Nawabpur Road is a road in Old Dhaka City, Bangladesh, and is associated with the Shankhari and Gulistan bazaars. It is a busy road often jammed with rickshaws, human drawn carts, and foot traffic.

History
Nawabpur was known as Umraha Para. During the Mughal era, diplomats used to reside here, which is how it got its name.
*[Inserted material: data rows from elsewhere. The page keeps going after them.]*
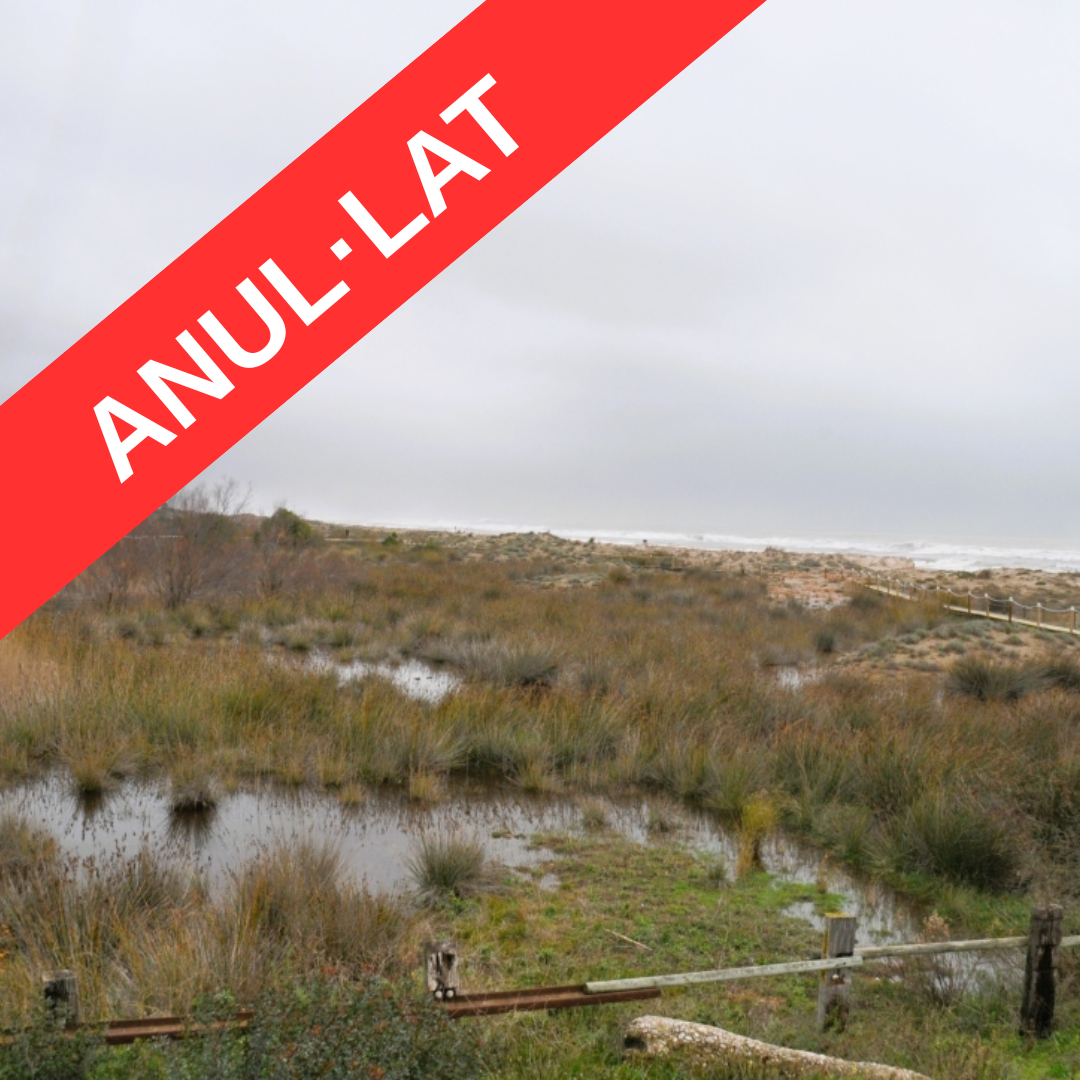 Imatge d'arxiu dels Muntanyans. Foto: Anna F.- Aj.Torredembarra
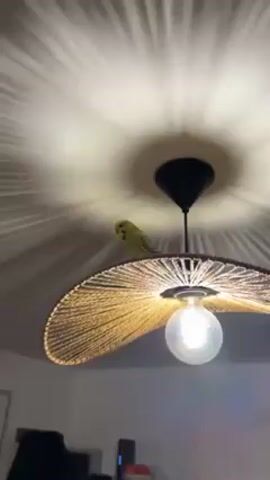 A low-angle shot shows a light green budgerigar perched on a lampshade. The lampshade is made of tan woven material. A lightbulb in the lampshade casts rays across the ceiling. The bird looks around. It suddenly flies directly upward out of the frame.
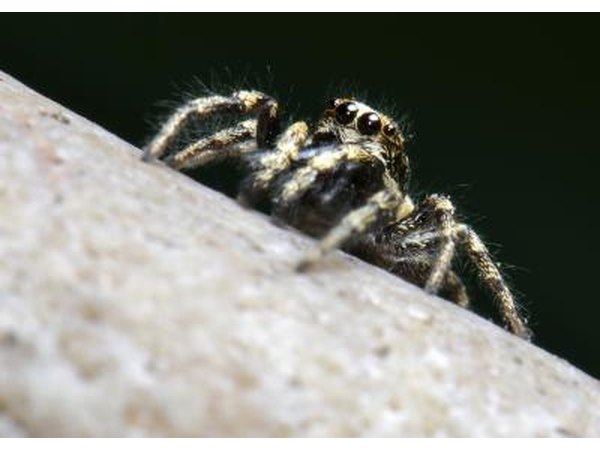 zebra spiders don't spin webs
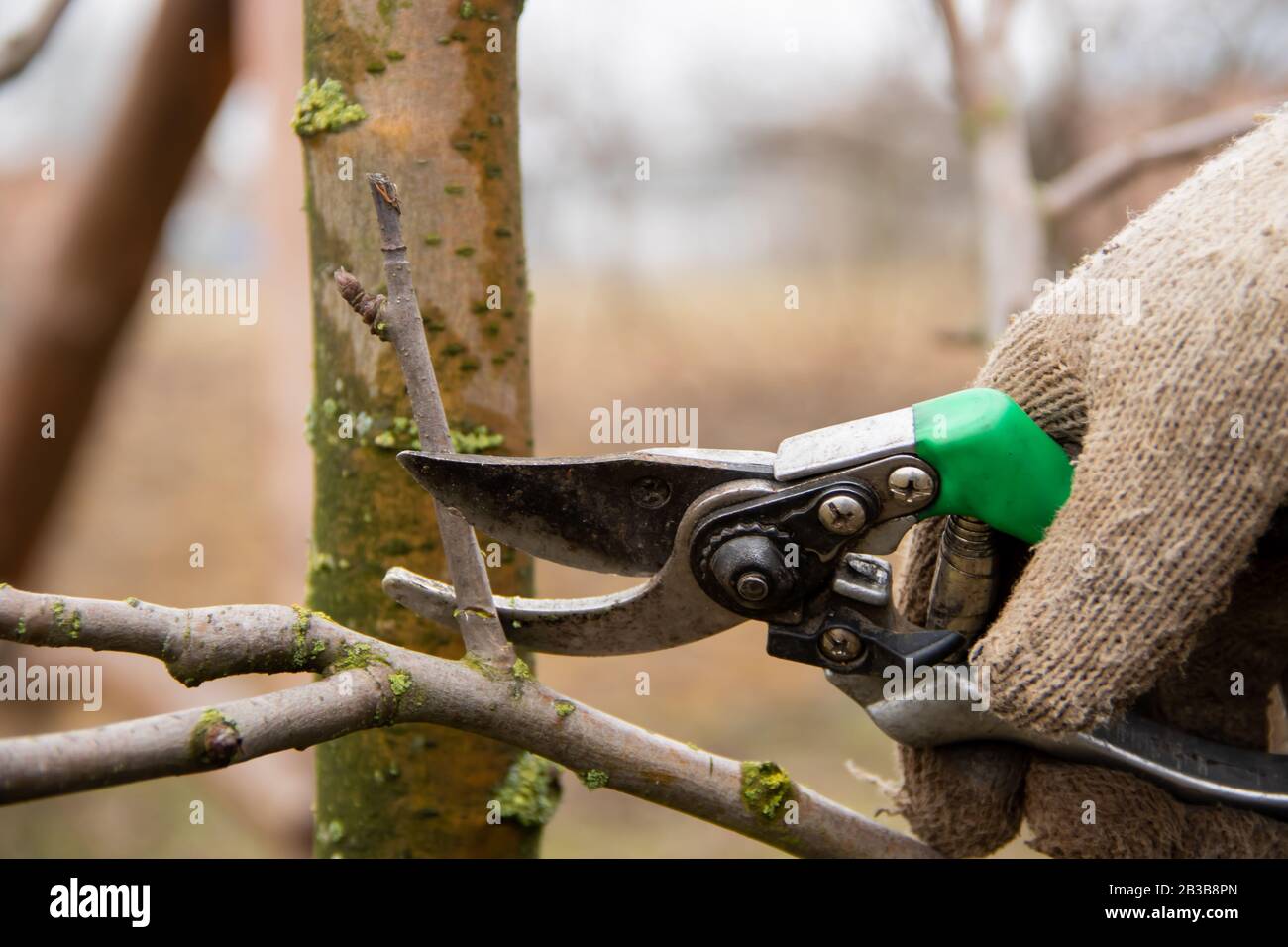Trimming the tree branches with scissors. Spring work in the garden, the  gardener is looking after the trees Stock Photo - Alamy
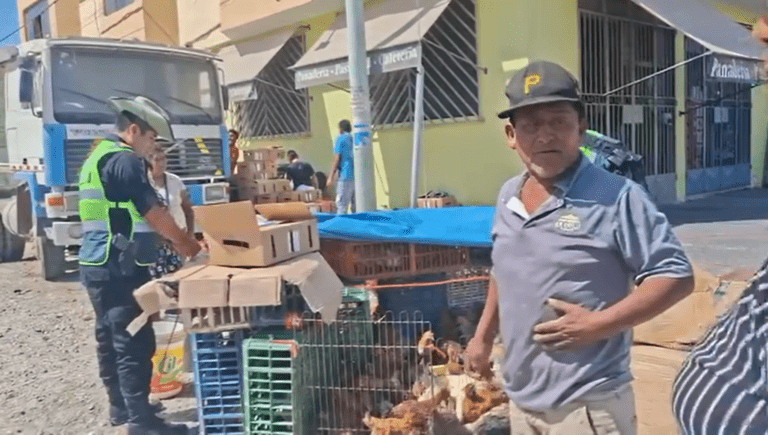 Vecinos denuncian presunto maltrato animal en la Pampa Inalámbrica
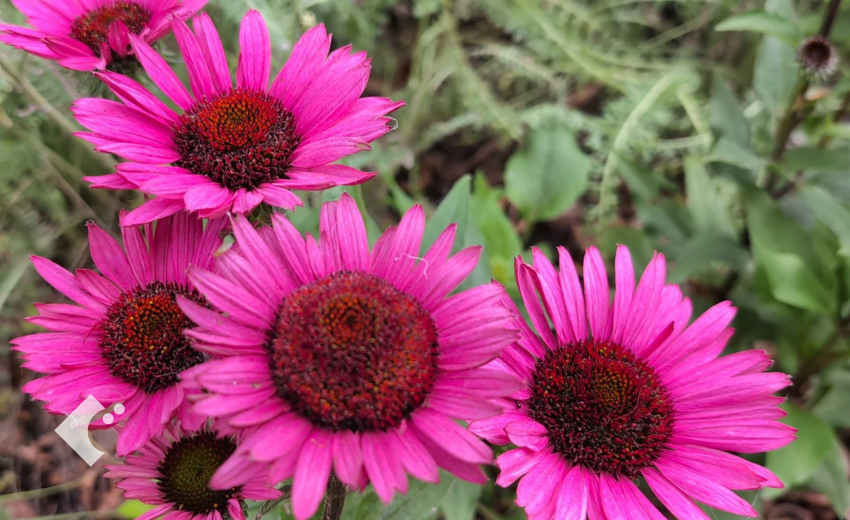 7月に見頃を迎えたエキナセア'フェイタルアトラクション'の鮮やかなピンクの花
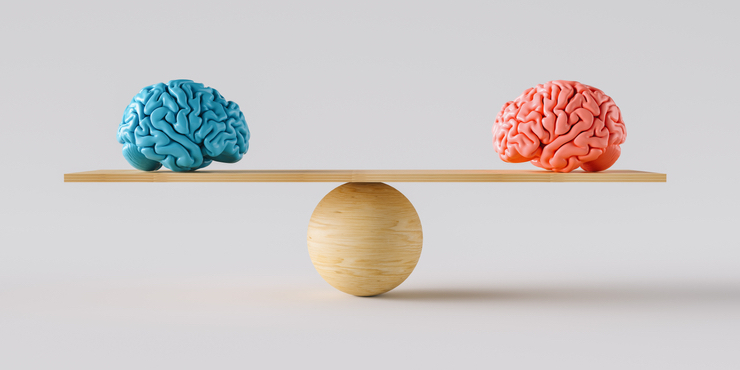 Искусственный интеллект нашел различие между женским и мужским мозгом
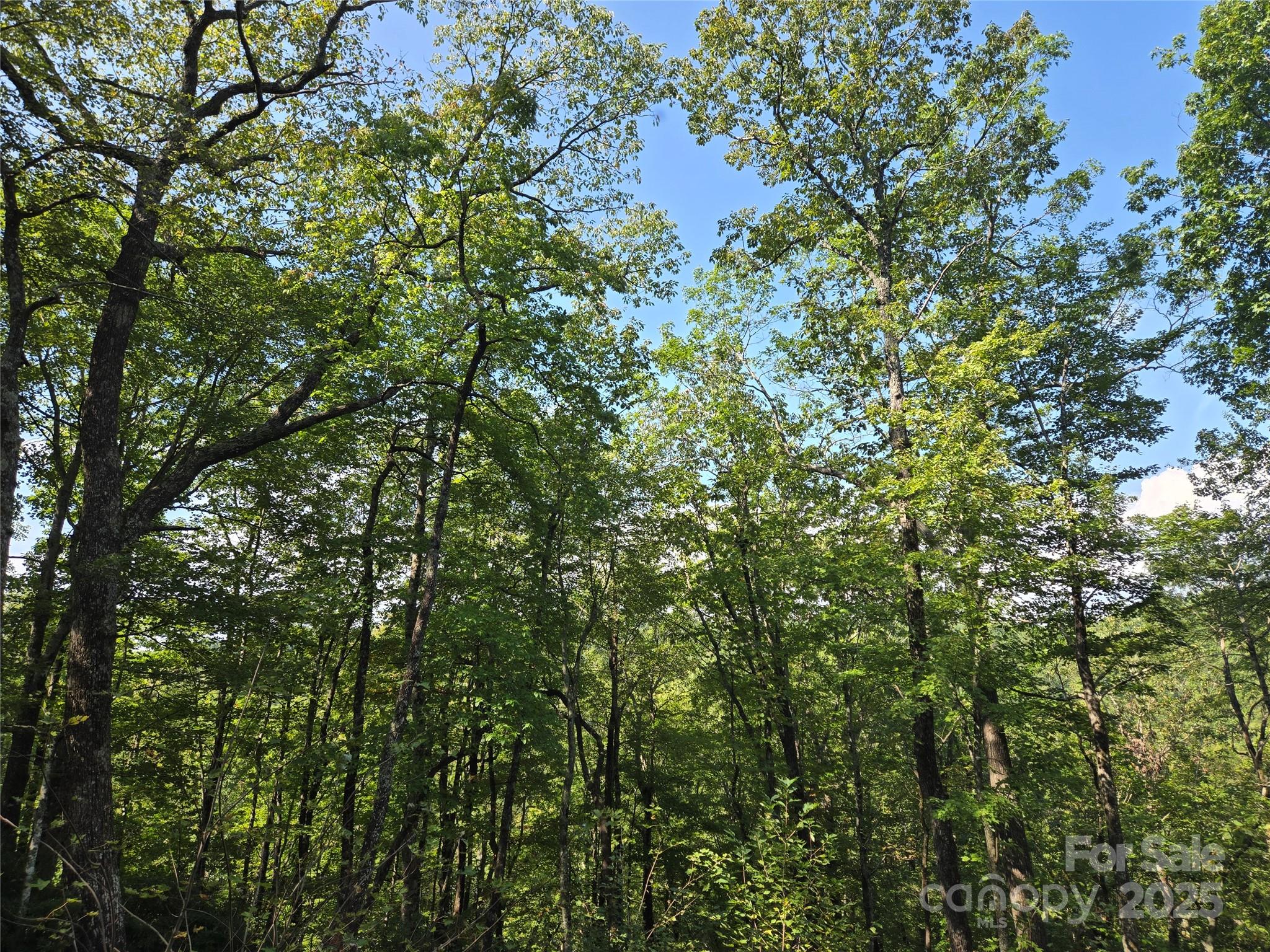 303 Ladd Ridge Property Photo 21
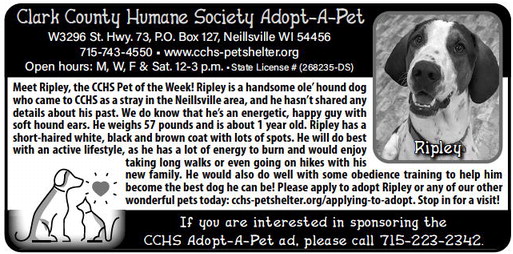 recordgleaner_20240529_trg-2024-05-29-a-020_art_2.xml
Umraha Para was later renamed Nawabpur.

In 1840, it was one of the two main thoroughfares of Dhaka, running north from Sadarghat to Thatari Bazar.

On 22 February 1952, during a Bengali language rally, police fired on marchers killing several including Sofiur Rahman and a nine-year-old boy.

Amenities
The largest known market for spare parts in Bangladesh is situated in Nawabpur.
There are numerous businesses, including low-cost hotels.
Victoria Park, a very ancient and historical site under the name of Andaghar Maidan, is situated at the end of Nawabpur Road.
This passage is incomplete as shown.